Genderless Voice Names
Nicknames have been provided for each genderless voice to help with distinguishing them from the names of their base Polly voices.
Four Alexa Voices- ASK/CLI and Skill Building Platforms
The SSML tags used are Voice, Lang, and Prosody (Pitch, Rate and Volume).
Three Prosody tags are combined into one larger tag to minimize nesting of SSML tags. Example opening and closing tags:
<prosody pitch="-27%" rate="95%" volume="+0dB">
</prosody>
A parameter for volume is included as you may need to adjust a voice’s volume relative to other voices and sound effects.
SSML tags which are not included are Emphasis and Whispering, however these are worth working with when refining or designing new voices.
1. Jordan
Base Voice: English, US: Joanna, Female
Opening and closing SSML Tags:
<voice name="Joanna"><lang xml:lang="en-US"><prosody pitch="-27%"
rate="95%" volume="+0dB">
</prosody></lang></voice>
If you are working with ASK/CLI, you may need opening and closing speak tags to wrap around everything. Skill builders such as Voiceflow usually don’t require Developers to include them, as they are added behind the scenes by the UI. If you need them, the Speak tags are as follows:
<speak>
</speak>
When testing voices, the Alexa Developer Console (ADC) Voice & Tone Simulator works pretty well. If you are not familiar with it, here is a tutorial:
How to Enhance Alexa with SSML using the Voice and Tone Simulator
This is what the the SSML tags for Jordan looks like in the Voice & Tone Simulator:
The red bubbles highlight that we are in the ADC Test section, with Voice & Tone selected. The SSML tags and text we are working with are in the window, and towards the bottom we can see we are working with the English (US) Language/region.
Let’s take a closer look at Jordan’s configuration:
Lines 1-3 are the opening SSML tags, and lines 11 and 12 are the closing tags. The content in between these tags is recited as speech. Please note that the window doesn’t auto-expand, and so I added some line breaks for visibility.
This is a handy tool when working with your own text. You can also add refinements such as SSML for phonemes, breaks and other effects to improve how things sound.
The same SSML formula can be used if you wish to generate audio files, such as MP3s, using AWS Amazon Polly. This is what it looks like in the Amazon Polly console:
The SSML tab should be selected. Let’s take a closer look at Jordan’s voice configuration:
My experience has been that the voices sound identical for both ASK and Amazon Polly if the SSML tags are identical. This is something to keep in mind if you are working with passages of static text alongside text that changes frequently.
2. Ash
Base Voice: English, US: Salli, Female
Opening and closing SSML Tags:
<voice name="Salli"><lang xml:lang="en-US"><prosody pitch="-33%"
rate="95%" volume="+0dB">
</prosody></lang></voice>
3. Charlie
Base Voice: English, US: Justin, Male
Opening and closing SSML Tags:
<voice name="Justin"><lang xml:lang="en-US"><prosody pitch="+25%"

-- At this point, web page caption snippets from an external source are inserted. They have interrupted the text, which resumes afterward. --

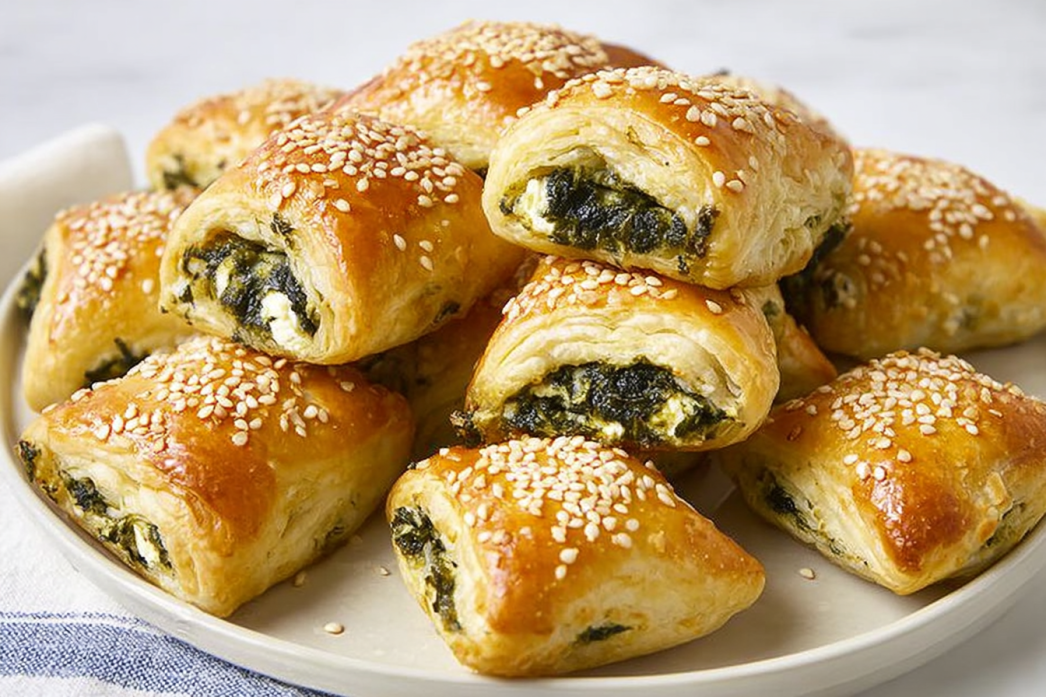 Spinach and Feta Pastry Stars – A Delightfully Crisp Snack Spinach and Feta Pastry Stars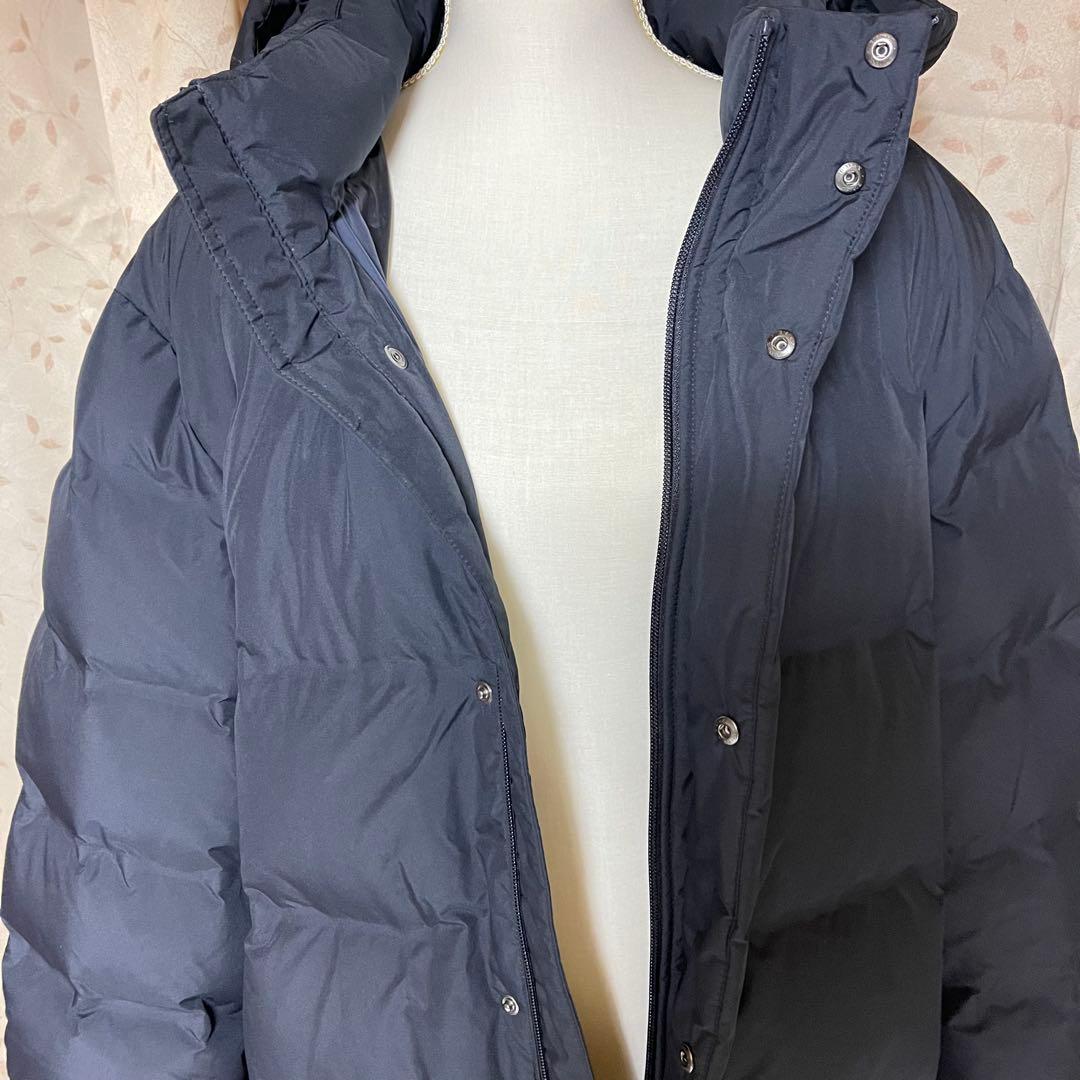 美品 UNIQLO シームレス ダウン ロング 4XL 耐久撥水加工 軽量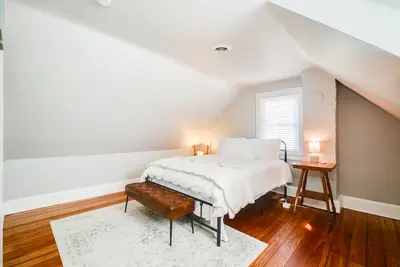 Image de Cozy Cottage w/ Huge Backyard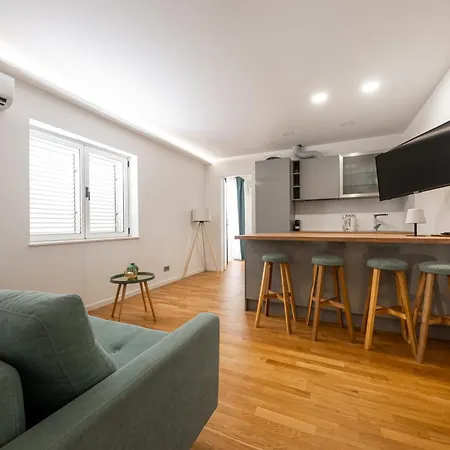 Apartment M&m Makarska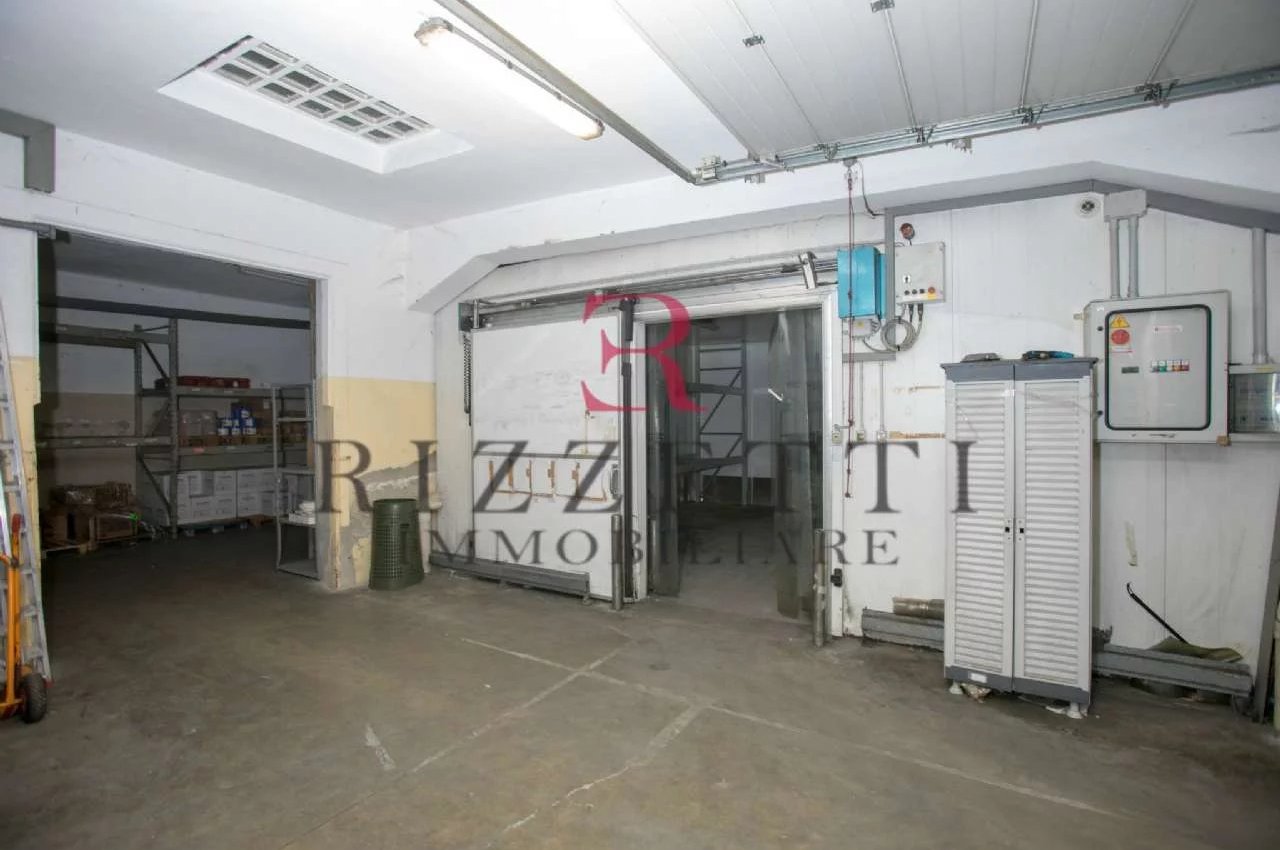 Locale Commerciale in Vendita a Bergamo Via Ghislandi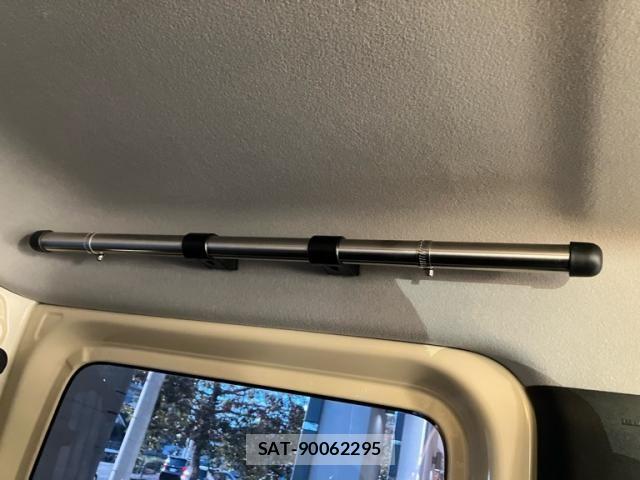 Suzuki JIMNY SIERRA 2018-07 8880297-27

rate="105%" volume="+0dB">
</prosody></lang></voice>
4. Jesse
Base Voice: English, GB: Amy, Female
Opening and closing SSML Tags:
<voice name="Amy"><lang xml:lang="en-GB"><prosody pitch="-33%"
rate="90%" volume="+0dB">
</prosody></lang></voice>
Eight Amazon Polly Voices – Recorded Text-to-Speech
Amazon Polly provides additional SSML tag options in comparison to the available Alexa Polly tags. For genderless voice configuration, the following effects are particularly useful:
A. Dynamic Range Compression:
<amazon:effect name="drc">
This effect increases the midrange volume. Aside from the volume difference, the change is subtle. However it is worth experimenting with.
B. Speaking Softly:
<amazon:effect phonation="soft">
This is a nice effect for dampening harshness. Again, this is something you can experiment with.
C. Controlling Timbre:
<amazon:effect vocal-tract-length="+15%">
This particular effect has the most dramatic effect when working with genderless voices.
The above are included in the SSML formulas. All three effects are combined into one larger tag to minimize nesting of SSML tags. Example opening and closing tags:
<amazon:effect vocal-tract-length="+15%" phonation="soft" name="drc">
</amazon:effect>
SSML tag options which are not included are Emphasis, Automatic Breathing, and Whispering, however these are also worth considering when refining or designing new voices.
5. Finley
Base Voice: English, US: Joanna, Female
Opening and closing SSML Tags:
<speak><amazon:effect vocal-tract-length="+15%" phonation="soft"
name="drc"><prosody pitch="-27%" rate="95%" volume="+0dB">
</prosody></amazon:effect></speak>
Let’s take a closer look at how this voice looks in the Amazon Polly console. As you can see, the SSML tag for amazon:effect is included.
6. Justice
Base Voice: English, US: Salli, Female
Opening and closing SSML Tags:
<speak><amazon:effect vocal-tract-length="+25%" phonation="soft"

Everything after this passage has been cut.